DIRECTIONS: The line containing "Metal Wall Veined" marks where to begin. Write out that line and every line after it exactly, through the last line below.

Start of DATA RECORDS

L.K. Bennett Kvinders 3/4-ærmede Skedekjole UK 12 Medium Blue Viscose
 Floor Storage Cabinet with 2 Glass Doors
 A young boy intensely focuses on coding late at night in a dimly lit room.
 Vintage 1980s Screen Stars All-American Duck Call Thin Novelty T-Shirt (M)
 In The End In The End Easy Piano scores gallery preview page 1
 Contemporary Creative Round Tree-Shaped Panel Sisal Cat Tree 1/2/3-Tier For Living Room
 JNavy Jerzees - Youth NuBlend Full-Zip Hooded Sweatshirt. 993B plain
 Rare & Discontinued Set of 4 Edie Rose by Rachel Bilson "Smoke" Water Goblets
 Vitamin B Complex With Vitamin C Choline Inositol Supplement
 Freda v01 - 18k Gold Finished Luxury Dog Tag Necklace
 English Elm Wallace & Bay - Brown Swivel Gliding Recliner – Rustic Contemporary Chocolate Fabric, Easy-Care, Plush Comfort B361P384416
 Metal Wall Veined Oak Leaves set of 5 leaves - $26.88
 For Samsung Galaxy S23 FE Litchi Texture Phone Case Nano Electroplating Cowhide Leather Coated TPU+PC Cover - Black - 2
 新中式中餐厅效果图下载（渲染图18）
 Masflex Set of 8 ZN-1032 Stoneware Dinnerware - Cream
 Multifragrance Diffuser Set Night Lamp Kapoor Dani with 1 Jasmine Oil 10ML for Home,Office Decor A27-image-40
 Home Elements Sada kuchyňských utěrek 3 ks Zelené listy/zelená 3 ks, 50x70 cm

End of DATA RECORDS

ANSWER FOR THIS EXERCISE:
 Metal Wall Veined Oak Leaves set of 5 leaves - $26.88
 For Samsung Galaxy S23 FE Litchi Texture Phone Case Nano Electroplating Cowhide Leather Coated TPU+PC Cover - Black - 2
 新中式中餐厅效果图下载（渲染图18）
 Masflex Set of 8 ZN-1032 Stoneware Dinnerware - Cream
 Multifragrance Diffuser Set Night Lamp Kapoor Dani with 1 Jasmine Oil 10ML for Home,Office Decor A27-image-40
 Home Elements Sada kuchyňských utěrek 3 ks Zelené listy/zelená 3 ks, 50x70 cm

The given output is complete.